The induced MCF-7 cells show up to a 10 fold difference in eYFP fluorescent output compared with the uninduced cells. However, there is not a defined fold difference in fluorescent output between the varying concentrations of estrogen induced. Bar graph: The concentration of estrogen that stimulated the highest level of promoter activity was 0.05 nM, whereas the concentration that stimulated the lowest level of activity was 0.25 nM. These results are inconsistent with the hypothesis that increasing estrogen concentration in the cells will increase promoter activity, especially because the results from the 0.05 nM E2 well and the 10 nM E2 well are just about equal. Through a little research, we've concluded that the lack of staggered results is due to the fact that we dissolved E2 in ethanol. According to Etique et. al [1], MCF-7 cells grown in an ethanol medium were correlated with increased proliferation, ERalpha content, and ER transcriptional activity. We tweaked our experimental design for future experiments to contain a vehicle control which accounts for the proliferation and increase in ERalpha caused by ethanol. Then we can more accurately compare our promoters' basal levels with induced levels.

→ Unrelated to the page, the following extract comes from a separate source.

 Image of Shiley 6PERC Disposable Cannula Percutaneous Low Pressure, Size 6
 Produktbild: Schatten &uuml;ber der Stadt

Results from testing pERE promoters in ISH

The pERE3 promoter showed very little to no fold difference between those transfected into induced and uninduced cells. Qualitatively, the fluorescent output seems to have a bit of a staggered result based on the nM amount of E2 in the cell, but not significant enough to come to a solid conclusion about E2 concentration vs. promoter activity.



The pERE5 promoter showed essentially zero fold difference between those transfected into induced and uninduced cells. The fluorescent output also varied extremely little between different E2 amounts induced.



As the previous two promoters, the pERE6 promoter experiment produced zero/negligible fold difference between the fluorescent output of the uniduced vs the induced cells.



Transfection efficiency is around 1%. Since we had an extremely low portion of transfected cells, our data was not very representative of the cell population of ISH we cultured in our lab. Though we got relatively smooth line graphs due to high cell density, there are still a relatively low number of transfected events to analyze from cytometry. This makes our data set less robust than we want it to be.



Overall Conclusion



None of the promoters showed any sign of functioning in ISH cells, due to the lack of change in eYFP fluorescent output between induced and induced cells transfected with the pEREx-eYFP construct. Additionally, the fine sweep of E2 concentrations showed little to no variation in fluorescent output, but if the promoters aren't functioning properly (perhaps because their basal expression is ISH is very high), then increasing the concentration of E2 by small factors is not expected to have a huge impact on fluorescent output.